With school canceled and the skies sunny, children around the Northeast frolicked in the snow Monday as the grown-ups labored to dig out their entombed cars, clear sidewalks and slog their way to work.

Arcadio Francisco, 32, said he was unable to get to his job as an electrician because the street where he parked his car was still under 2 feet of snow. But kids were enjoying the pileup.

"They're standing on top of the cars and jumping into the snow," Francisco said.

The storm that blustered up the Eastern Seaboard over the weekend was moving out into the Atlantic on Monday. Rain and higher temperatures forecast for later this week are expected to the speed the melting, and officials warned of flooding and roof collapses.

On Monday, two groups of missing campers were found safe in Maine's western mountains, parts of which had more than 2½ feet inches of snow. A group of 10 high school students and two adults were spotted from the air by a pilot, and three college students were found holed up in their car.

The deepest snow, 47 inches, was recorded in Pinkham Notch at Mount Washington in New Hampshire. Some other parts of New England were blanketed by nearly 3 feet, while eastern New York had up to 2 feet and Cliffside Park, N.J., had almost as much, 23 inches.

Hundreds of schools remained closed Monday.

The cleanup proved arduous — and costly.

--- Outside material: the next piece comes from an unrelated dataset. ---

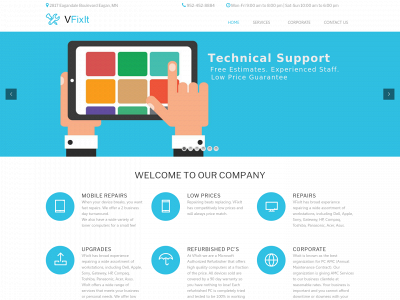 vfixit.com snapshot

In Connecticut, where up to 20 inches of snow fell, the cleanup cost about $3.5 million to pay for plowing, salt and sand.

Boston Mayor Thomas Menino estimated removal costs in the city at $3 million, while New York City Mayor Michael Bloomberg said snow removal costs his city about $1 million per inch. The snowfall total reached 14 inches in Central Park.

Even as skies cleared and snowplows did their work, delays continued for some travelers by air and rail.

Lines remained long at Boston's Logan Airport, where some arrivals were delayed more than two hours. Amtrak also warned that trains would be delayed and crowded Monday throughout the Boston-Washington corridor.

During the weekend, hundreds of flights had to be canceled at Logan, Philadelphia, Kennedy, La Guardia and Newark airports.

The storm was blamed for at least 13 deaths in the Northeast, most of them in traffic accidents. New Jersey and Massachusetts each reported one person dead after collapsing while shoveling snow. A Massachusetts railway worker was killed when a train collided with his snow blower, and a Rhode Island man died in a sledding accident.